ATOS Trio @ The New School

Synaphaï welcomes Elizabeth Barnette as a contributing writer and critic.

Rachmaninoff: “Trio élégiaque” No. 1 in g minor
Dvorák: Piano Trio in g minor, Op. 26
Beethoven
: Piano Trio in B-flat Major “Archduke”, Op. 97

ATOS Trio
Annette von Hehn, violin / Stefan Heinemeyer, cello / Thomas Hoppe, piano

Tishman Auditorium, The New School, New York City
Sunday, April 10, 2011

After starting their American tour in Washington D.C. at the Kennedy Center on April 7, the ATOS Trio came to New York to play two different programs on Saturday evening and Sunday afternoon.

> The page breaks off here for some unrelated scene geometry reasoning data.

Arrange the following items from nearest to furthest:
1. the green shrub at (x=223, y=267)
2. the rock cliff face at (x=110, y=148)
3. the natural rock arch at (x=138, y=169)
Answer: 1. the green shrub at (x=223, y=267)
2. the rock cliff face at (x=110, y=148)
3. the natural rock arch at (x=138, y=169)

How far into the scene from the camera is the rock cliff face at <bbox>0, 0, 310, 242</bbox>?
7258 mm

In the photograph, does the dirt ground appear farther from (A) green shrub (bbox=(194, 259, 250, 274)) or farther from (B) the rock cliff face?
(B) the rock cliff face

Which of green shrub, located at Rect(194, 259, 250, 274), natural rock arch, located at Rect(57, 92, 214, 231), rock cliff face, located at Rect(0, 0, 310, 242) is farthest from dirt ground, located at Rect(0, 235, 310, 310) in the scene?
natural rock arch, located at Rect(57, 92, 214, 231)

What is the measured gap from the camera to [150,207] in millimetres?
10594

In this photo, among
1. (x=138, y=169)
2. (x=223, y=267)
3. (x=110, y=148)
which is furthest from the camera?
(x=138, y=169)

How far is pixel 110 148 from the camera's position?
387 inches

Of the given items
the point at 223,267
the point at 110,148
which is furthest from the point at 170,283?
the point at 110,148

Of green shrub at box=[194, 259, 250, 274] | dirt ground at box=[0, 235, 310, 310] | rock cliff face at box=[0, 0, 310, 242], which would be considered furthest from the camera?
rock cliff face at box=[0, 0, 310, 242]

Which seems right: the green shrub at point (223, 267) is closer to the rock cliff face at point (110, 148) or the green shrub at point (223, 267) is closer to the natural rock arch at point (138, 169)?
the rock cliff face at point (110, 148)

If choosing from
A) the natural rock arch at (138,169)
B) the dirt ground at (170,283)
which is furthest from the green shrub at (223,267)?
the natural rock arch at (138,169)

If these young musicians were challenged by such a taxing schedule, it certainly did not show. Easing into their program at the New School with Rachmaninoff’s “Trio élégiaque” No. 1, they immediately engaged the audience with their intimate playing.

Unfortunately though, the performance venue proved to be a hindrance. During the almost inaudible opening of the piece, loud squeaking from a seat in the audience added an extra musical element, as did the back-up beep from a truck outside at the equally quiet closing. The acoustics of the oval-shaped Tishman Auditorium perfectly project the sound from the stage, but that also included more creaking coming from the piano benches on which Hoppe and Heinemeyer sat, as well as from seats in the well-filled auditorium. It is not often that one has to strive to ignore extraneous noises in order to concentrate on the performance. The effort was well worth it though, as the Trio perfectly shaped the dramatic arch of Rachmaninoff’s youthful one-movement work. From its hushed beginning it grew into full-blooded passion, with perfectly matched octaves between violin and cello, and finally back to a funereal closing.

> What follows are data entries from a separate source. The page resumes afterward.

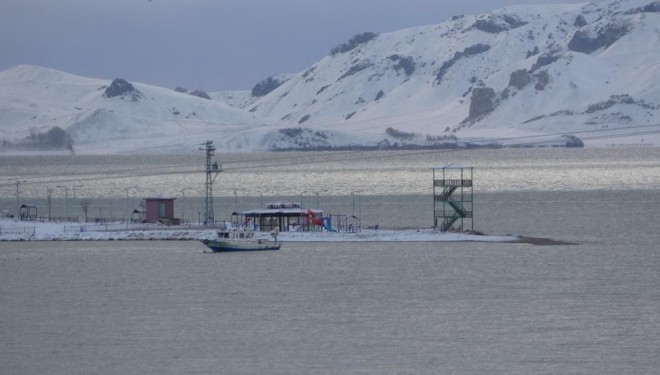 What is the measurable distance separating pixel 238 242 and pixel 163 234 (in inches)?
316

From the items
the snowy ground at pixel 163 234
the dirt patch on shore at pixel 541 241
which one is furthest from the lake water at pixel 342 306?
the dirt patch on shore at pixel 541 241

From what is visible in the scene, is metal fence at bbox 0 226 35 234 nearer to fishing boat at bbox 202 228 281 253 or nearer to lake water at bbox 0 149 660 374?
lake water at bbox 0 149 660 374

Also in G minor, Dvorák’s Piano Trio No. 2, Opus 26, was written when the composer was 35 years old. However, in this work, unlike in his much more popular later trios in F minor and E minor (“Dumky”), the composer has not really found his individual voice yet, except perhaps for the folk-like elements in the Trio of the 3rd movement. In the finale he gets stuck on a short rhythmic motif, as sometimes happens to Schubert, and it lacks long melodic lines. Nevertheless, the ATOS Trio made the most of Dvorák’s early effort, including moments of great delicacy in the Coda of the first movement, and Heinemeyer’s beautiful cello solo at the opening of the second.

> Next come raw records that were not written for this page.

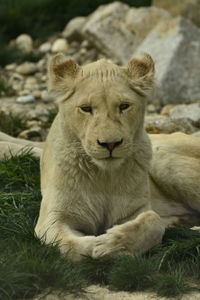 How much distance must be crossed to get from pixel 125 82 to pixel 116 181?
29.5 inches

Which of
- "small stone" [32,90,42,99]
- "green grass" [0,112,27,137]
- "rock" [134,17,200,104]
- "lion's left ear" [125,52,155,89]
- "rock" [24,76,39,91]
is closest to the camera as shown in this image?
"lion's left ear" [125,52,155,89]

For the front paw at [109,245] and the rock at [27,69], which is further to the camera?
the rock at [27,69]

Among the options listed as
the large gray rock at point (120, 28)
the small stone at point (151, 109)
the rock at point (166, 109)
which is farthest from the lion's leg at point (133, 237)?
the large gray rock at point (120, 28)

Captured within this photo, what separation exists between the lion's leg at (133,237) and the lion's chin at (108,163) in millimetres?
409

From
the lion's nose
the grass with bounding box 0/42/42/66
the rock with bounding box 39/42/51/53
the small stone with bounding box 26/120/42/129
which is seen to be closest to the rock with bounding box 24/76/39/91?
the grass with bounding box 0/42/42/66

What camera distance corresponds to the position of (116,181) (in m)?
4.43

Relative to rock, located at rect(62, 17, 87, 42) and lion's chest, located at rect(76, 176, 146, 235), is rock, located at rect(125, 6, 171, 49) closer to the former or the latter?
rock, located at rect(62, 17, 87, 42)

The highpoint of the afternoon was one of the cornerstones of the chamber music literature, the “Archduke” Trio. Beethoven was only six years older than Dvorák when he wrote it, but it shows him to be a master of the genre. Among the largely senior audience many chamber music lovers were undoubtedly intimately familiar with this work; it speaks to the quality of the ATOS Trio’s performance than several elderly women came up to the artists in the lobby afterwards, raving that they had heard it played often, but never better.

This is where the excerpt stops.